Compte rendu conference Nava Bharat
Zeco doit 359m$
Ashwin Devineni:
With respect to receivables, I presume you are talking about Maamba
Collieries. The current situation on the receivables is that to date we
have billed about US$ 909 million, we have received about US$ 550
million, which is about 61% of what we have billed. And the
outstanding remains at about US$ 359 million, and this includes about
US$ 19.6 million of interest. We have commenced an arbitration
proceeding against ZESCO with regard to the outstanding amount and
the process is currently underway.
Well, the arbitration normally is a general process, that is being done in
London. So we are all hoping that it gets resolved sooner rather than
later. But generally, an arbitration of claims of such nature takes about
one to two years.
As I mentioned we have the arbitration process on the previous
outstanding amount. In terms of future tariff, we want to attain a tariff
that is workable for both of us, such that ZESCO can pay us on a
monthly basis, in full, without us having to chase them and there not
being any shortfall. So, for those tariffs, discussions and negotiations
are underway. And I think once we come up with a tariff that is
workable for both ZESCO and for us, which will be enough to meet our
operational expenditure, debt servicing and also we should have some
surplus for dividend distribution, so the monies can flow back into the
parent company. I think once we arrive at a tariff, we will be
approaching the lenders in terms of the debt restructuring. The
restructuring process will probably envisage a combination of various
elements, including probably an increase in loan tenure and so on, so
that our repayments are brought down and where we can also sustain
the new tariffs that we agreed to. The lenders are aware of this tariff
negotiation and so they are also in line with our plans of agreeing to a
sustainable tariff and looking forward for debt restructuring.

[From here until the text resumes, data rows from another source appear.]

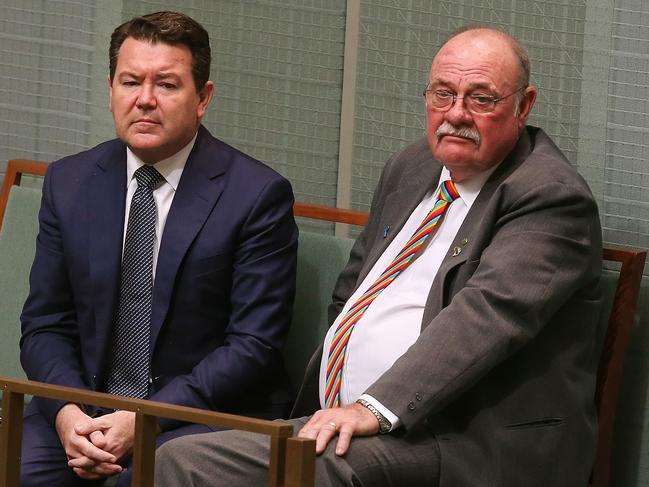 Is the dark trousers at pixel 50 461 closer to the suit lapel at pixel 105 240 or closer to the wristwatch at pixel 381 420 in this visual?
the suit lapel at pixel 105 240

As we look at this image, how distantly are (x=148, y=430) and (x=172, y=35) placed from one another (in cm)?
110

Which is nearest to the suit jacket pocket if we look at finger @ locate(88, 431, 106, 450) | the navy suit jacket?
the navy suit jacket

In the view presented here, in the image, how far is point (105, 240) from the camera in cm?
310

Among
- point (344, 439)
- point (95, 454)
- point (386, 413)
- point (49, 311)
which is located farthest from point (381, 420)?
point (49, 311)

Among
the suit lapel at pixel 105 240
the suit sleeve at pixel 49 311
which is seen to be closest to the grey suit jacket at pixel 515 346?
the suit lapel at pixel 105 240

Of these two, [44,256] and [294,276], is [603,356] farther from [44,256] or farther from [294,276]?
[44,256]

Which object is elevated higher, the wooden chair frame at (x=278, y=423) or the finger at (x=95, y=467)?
the wooden chair frame at (x=278, y=423)

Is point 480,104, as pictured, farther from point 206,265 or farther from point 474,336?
point 206,265

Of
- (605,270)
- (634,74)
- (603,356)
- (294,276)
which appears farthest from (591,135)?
(294,276)

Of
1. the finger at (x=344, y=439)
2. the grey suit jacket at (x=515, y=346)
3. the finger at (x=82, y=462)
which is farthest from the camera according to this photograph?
the finger at (x=82, y=462)

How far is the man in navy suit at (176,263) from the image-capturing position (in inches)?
118

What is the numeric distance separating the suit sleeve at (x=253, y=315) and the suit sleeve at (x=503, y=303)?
481mm

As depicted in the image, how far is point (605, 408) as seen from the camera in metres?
2.85

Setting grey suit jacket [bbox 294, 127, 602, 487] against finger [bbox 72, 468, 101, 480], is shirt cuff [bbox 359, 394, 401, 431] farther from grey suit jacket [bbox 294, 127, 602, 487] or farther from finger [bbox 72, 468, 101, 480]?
finger [bbox 72, 468, 101, 480] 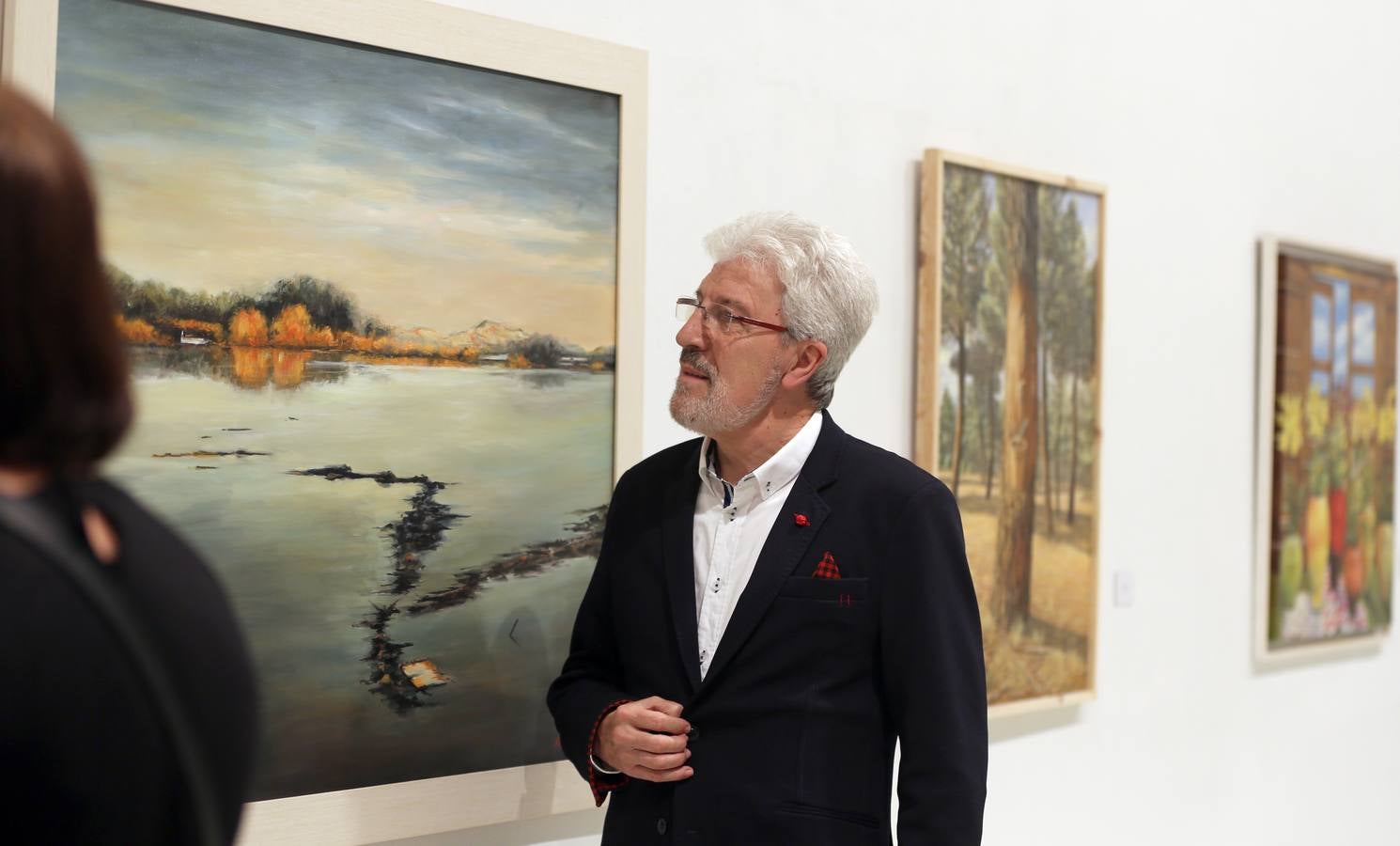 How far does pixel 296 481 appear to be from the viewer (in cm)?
215

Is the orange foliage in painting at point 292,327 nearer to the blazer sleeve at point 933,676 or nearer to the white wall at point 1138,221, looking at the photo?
the white wall at point 1138,221

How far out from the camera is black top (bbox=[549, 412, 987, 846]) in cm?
192

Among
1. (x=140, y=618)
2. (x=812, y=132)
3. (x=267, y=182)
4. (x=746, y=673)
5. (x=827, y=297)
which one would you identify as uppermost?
(x=812, y=132)

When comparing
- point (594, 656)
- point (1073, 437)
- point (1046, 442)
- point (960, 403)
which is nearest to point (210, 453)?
point (594, 656)

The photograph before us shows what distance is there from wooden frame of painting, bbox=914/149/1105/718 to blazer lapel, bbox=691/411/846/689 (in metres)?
1.07

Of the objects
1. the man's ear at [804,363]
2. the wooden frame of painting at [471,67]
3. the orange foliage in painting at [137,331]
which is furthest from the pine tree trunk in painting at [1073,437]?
the orange foliage in painting at [137,331]

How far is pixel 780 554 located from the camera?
1984 mm

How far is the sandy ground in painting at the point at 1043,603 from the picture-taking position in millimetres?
3191

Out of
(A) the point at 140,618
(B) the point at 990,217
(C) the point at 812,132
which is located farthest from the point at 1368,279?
(A) the point at 140,618

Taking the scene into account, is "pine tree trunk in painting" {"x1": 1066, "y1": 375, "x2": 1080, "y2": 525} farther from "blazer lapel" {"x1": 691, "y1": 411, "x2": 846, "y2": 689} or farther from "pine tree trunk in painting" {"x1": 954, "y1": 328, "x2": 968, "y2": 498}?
"blazer lapel" {"x1": 691, "y1": 411, "x2": 846, "y2": 689}

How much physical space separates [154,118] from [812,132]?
4.73ft

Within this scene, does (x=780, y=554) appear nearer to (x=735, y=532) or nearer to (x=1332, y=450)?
(x=735, y=532)

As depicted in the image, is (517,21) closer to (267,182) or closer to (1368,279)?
(267,182)

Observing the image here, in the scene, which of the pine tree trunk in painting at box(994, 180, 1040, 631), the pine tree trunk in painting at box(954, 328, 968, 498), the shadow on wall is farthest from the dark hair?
the shadow on wall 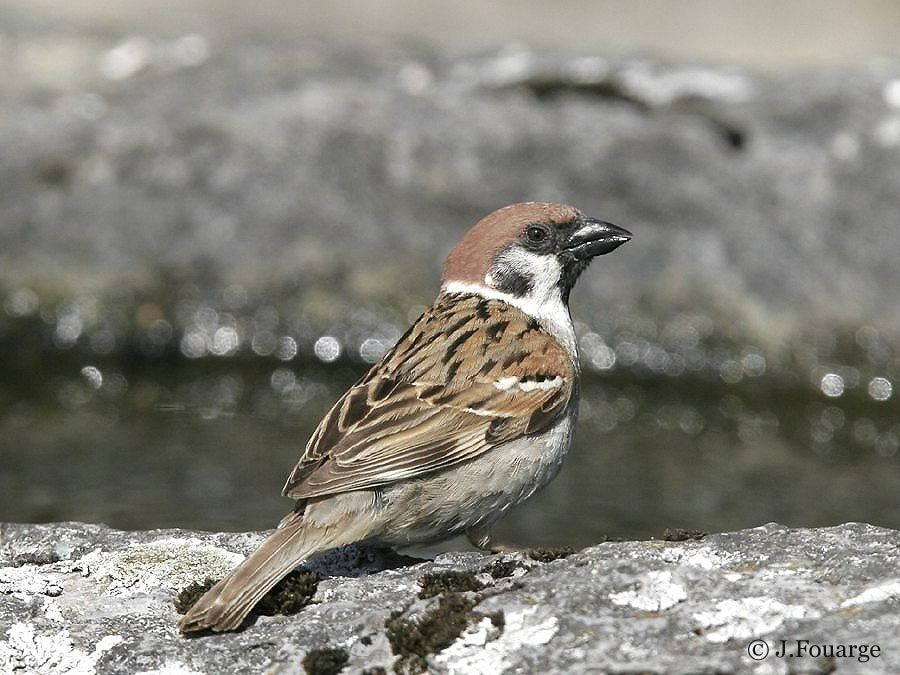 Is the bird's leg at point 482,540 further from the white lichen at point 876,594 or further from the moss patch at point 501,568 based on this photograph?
the white lichen at point 876,594

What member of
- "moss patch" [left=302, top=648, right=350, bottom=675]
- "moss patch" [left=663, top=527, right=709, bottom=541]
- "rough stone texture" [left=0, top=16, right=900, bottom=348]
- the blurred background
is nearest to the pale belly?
"moss patch" [left=663, top=527, right=709, bottom=541]

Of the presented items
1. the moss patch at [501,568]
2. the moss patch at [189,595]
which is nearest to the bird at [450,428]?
the moss patch at [189,595]

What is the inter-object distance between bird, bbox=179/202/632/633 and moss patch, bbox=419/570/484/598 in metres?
0.45

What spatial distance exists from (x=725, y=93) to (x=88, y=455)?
5.20 meters

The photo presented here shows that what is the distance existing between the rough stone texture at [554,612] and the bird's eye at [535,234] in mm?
1868

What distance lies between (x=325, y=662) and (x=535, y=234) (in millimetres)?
2695

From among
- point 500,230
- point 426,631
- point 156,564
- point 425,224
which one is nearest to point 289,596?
point 426,631

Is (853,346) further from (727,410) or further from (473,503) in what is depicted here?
(473,503)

In terms of the receivables of Maamba, we still do get about $9.2
million to $9.5 million every month from the state utility, although we
bill upwards of that. What we are looking at, which I had described
during prior part of the call is we are currently in discussions with
ZESCO, which is a state utility, in terms of renegotiating the tariffs and
basically agreeing to a tariff that we can confidently pay 100% on a
monthly basis, rather than the partial payment that the outstanding
keeps going up.
Yes, essentially renegotiating just the tariffs right now, not the other
terms of the PP A. We are not negotiating the outstanding amount
which is under arbitration. I think what we are seeing is rather than on a
month-on-month where the outstanding just keeps increasing, let's
agree to a tariff that you as a utility can pay us in full every month, and
also a tariff that is enough for us to meet our operational expenditures,
meet our debt service and also give some returns back to the sponsors
i.e. both Nava Bharat and ZCCM-IH Investment Holdings Plc. That is
currently underway. I think once we agree to something there we can
restructure the deal with lenders hoping that 100% of our bills will be
paid in time, and the outstanding amount would be frozen.